AVAILABLE DATA:
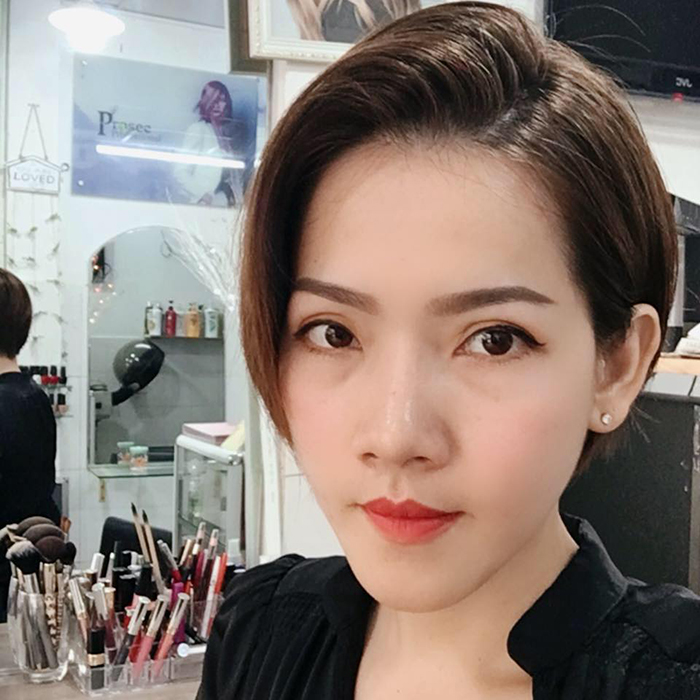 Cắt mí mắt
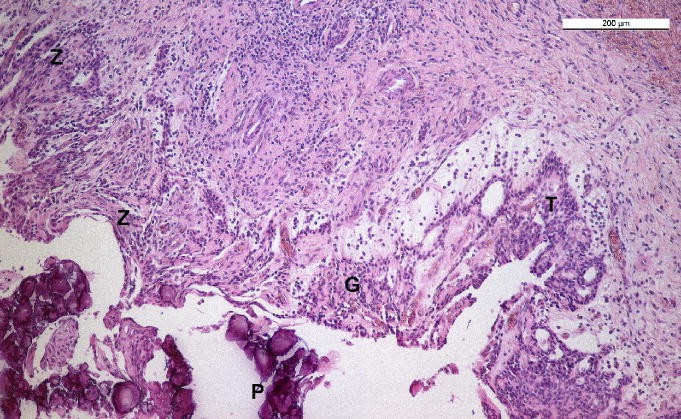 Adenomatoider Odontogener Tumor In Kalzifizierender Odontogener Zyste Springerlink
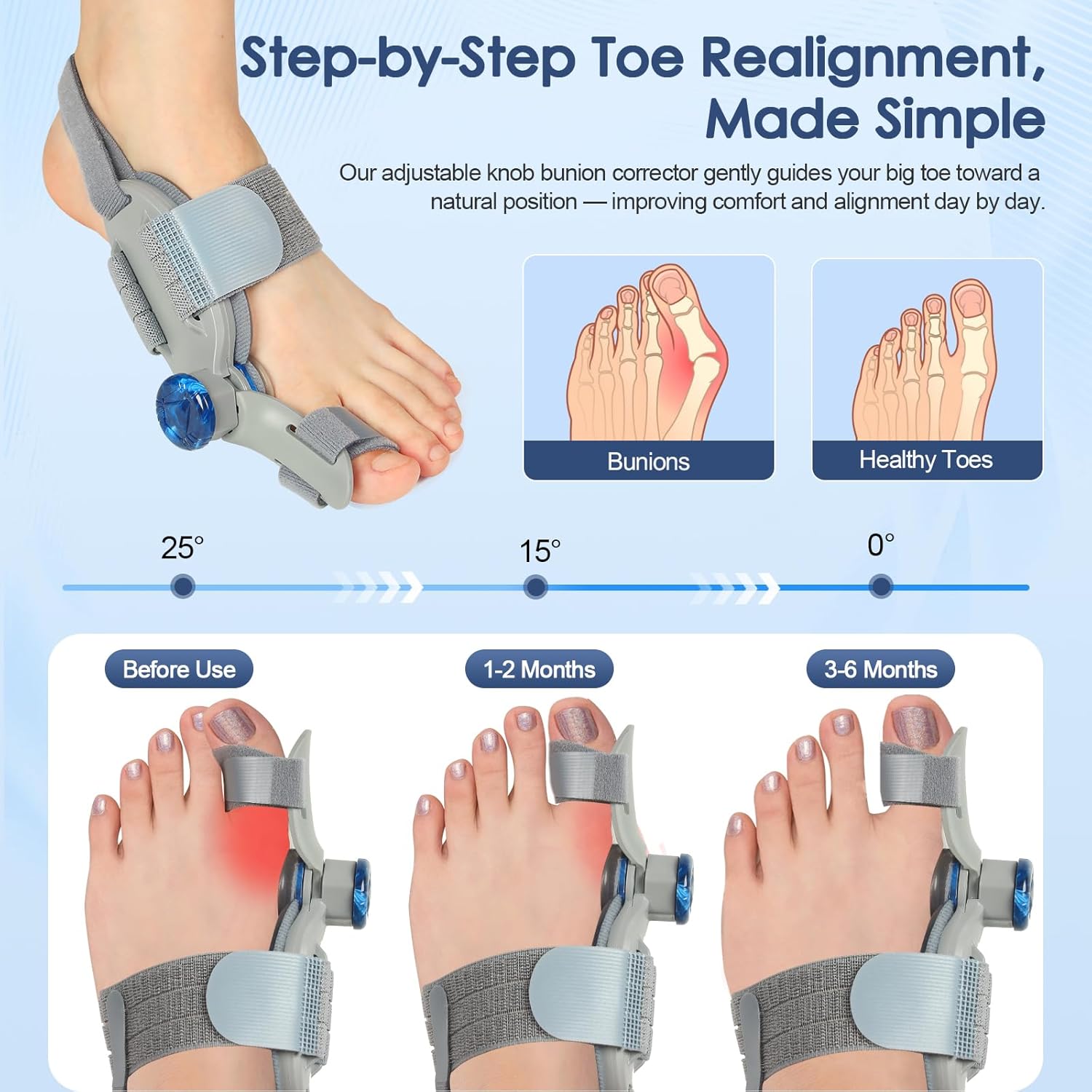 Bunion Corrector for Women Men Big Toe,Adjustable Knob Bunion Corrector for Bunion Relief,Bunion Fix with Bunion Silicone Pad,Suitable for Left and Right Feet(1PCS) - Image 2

TASK TO CARRY OUT:
Reproduce the listing above exactly, but skip the pictures.

YOUR SOLUTION:
 Cắt mí mắt
 Adenomatoider Odontogener Tumor In Kalzifizierender Odontogener Zyste Springerlink
 Bunion Corrector for Women Men Big Toe,Adjustable Knob Bunion Corrector for Bunion Relief,Bunion Fix with Bunion Silicone Pad,Suitable for Left and Right Feet(1PCS) - Image 2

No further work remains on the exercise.